By Hana Brixi | Manager of the Human Capital Project at the World Bank & Lindsay Coates | Managing Director, BRAC Ultra-Poor Graduation Initiative
Before COVID-19, many countries were making significant gains in human capital, improving health and education outcomes for girls and boys and empowering women to reach their potential. Between 2010 and March 2020, the World Bank’s Human Capital Index 2020 Update found an average increase of five percent in the human capital index across countries.
Now, the pandemic and its shocks to market, health, and education systems jeopardize this progress — 25 years of development achievements have begun to unwind in the span of 25 weeks. Economic disruptions have disproportionately harmed those who are already vulnerable, threatening to push an additional 47 million women and girls into extreme poverty. Women are more likely to work in the informal economy, preventing many from accessing crucial social protection programs, especially in low-income countries. Women also bear a greater burden of unpaid care work at home, and this gap has only widened during COVID-19.
As COVID-19 threatens hard-won gains in human capital around the world, governments, international development organizations, civil society, and the private sector must come together with a revitalized sense of solidarity to deliver emergency support quickly and effectively. Even more important is to take a long-term view of how to support countries in building inclusive, resilient systems for food and nutrition, health, education, social protection, water, sanitation, infrastructure, and jobs.

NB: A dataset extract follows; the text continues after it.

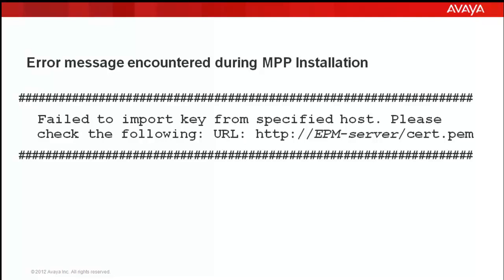In most of the cases, this error is generated because of the firewalls enabled on the Experience Portal Manager. So, let's see how to rectify this.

Furthermore, we must engage local leaders and influencers, whose leadership and communications determine the impact of national policies, reforms, and programs in communities; and sway social norms impacting the opportunities for girls and women to develop and deploy their human capital.

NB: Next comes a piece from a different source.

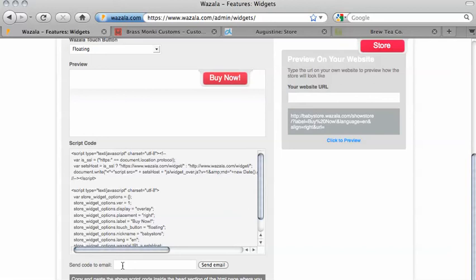The next step is adding the code to your site. Depending on what platform you use, you'll find detailed instructions on this within the Wazala site as well. Happy selling, everyone!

Making social protection systems inclusive and resilient
Social protection systems are transformative in building, protecting, and deploying the human capital of girls and women. They empower women with cash and assistance for the health, nutrition, and learning of their children; and with resources and economic opportunities for themselves.

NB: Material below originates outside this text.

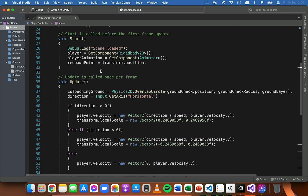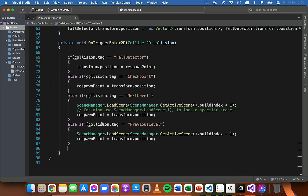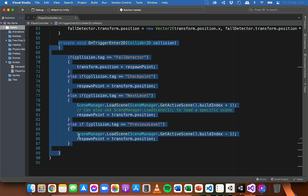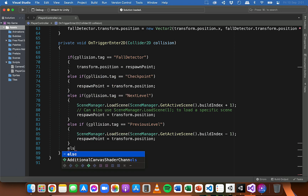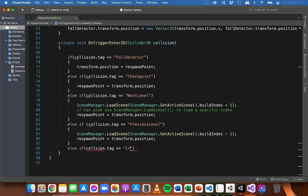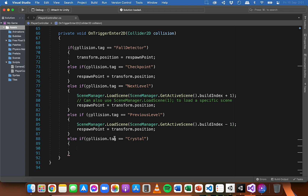Create a variable for the score and then go down to the OnTriggerEnter2D method and add an if statement - or if you already have some if statements, add an else-if statement. Inside the method, we detect a collision with another object and refer to that other object as 'collision'. So we add: else if collision.tag is equal to 'crystal' - just checking if the other object we collided with has the tag 'crystal'.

To reach marginalized women, governments should reimagine service delivery for the 21st century, leveraging digital technology. Take the example of government-to-person (G2P) cash transfers. By digitizing G2P payments with a gender lens, several national governments have expanded their capacity to reach previously excluded women with public assistance. In Zambia, the Girls’ Education and Women’s Empowerment and Livelihood (GEWEL) program aims to increase access to secondary education for disadvantaged adolescent girls and increase access to livelihood support for women. The program provides digital grants that help women build sustainable livelihoods. Theresa, a mother of five, was able to use her grant to expand her vegetable garden allowing her to feed her community and start a grocery store.
The Graduation approach offers another path to reaching the most disadvantaged women. Pioneered by BRAC in 2002, Graduation is a sequenced set of interventions that addresses the needs of women in extreme poverty holistically by supporting participants with a productive asset transfer, skills training, consumption support, coaching, and linkages to government services. By specifically targeting women in extreme poverty with a multi-step process based on local data and tailored to local needs and capacity, Graduation brings previously unreachable populations into government safety nets. BRAC Ultra-Poor Graduation Initiative (UPGI) uses targeting processes adapted to governments’ local needs and can include data from national registries, proxy means testing, and participatory community wealth ranking, all confirmed with verification surveys to minimize errors.
During COVID-19, BRAC has adapted the Graduation approach to improve service delivery despite public health risks and strict lockdowns. In Bangladesh, the Ultra-Poor Graduation program scaled digital cash transfers to participants in extreme poverty using bKash, BRAC Bank’s mobile money platform. As a result, over 51,000 participants received money through mobile financial services for the first time, safely providing critical support at the height of the pandemic. In the Philippines, the Department of Labor and Employment’s Graduation pilot with the Asian Development Bank and BRAC UPGI quickly adapted during lockdowns by using digital technology to connect coaches with participants to share information on health and hygiene and conduct a Rapid Diagnostic Assessment to check on their wellbeing.
Building back better
COVID-19 has dealt a blow to human capital around the world — especially for women and girls. Governments and international actors can mitigate the worst harms of the pandemic and kickstart an inclusive recovery by reimagining and sustainably and efficiently financing programs that build human capital. Governments need to reprioritize expenditures based on their impact on human capital development and attract private solutions. With international support, governments need to strengthen service delivery systems utilizing technologies to make health, education, and social protection services more inclusive and resilient. And, they need to engage locally to ensure that every girl and woman can develop and utilize their full potential.
Though the road to recovery will be long and challenging, empowering and investing in girls and women will start the journey in a sustainable, inclusive way.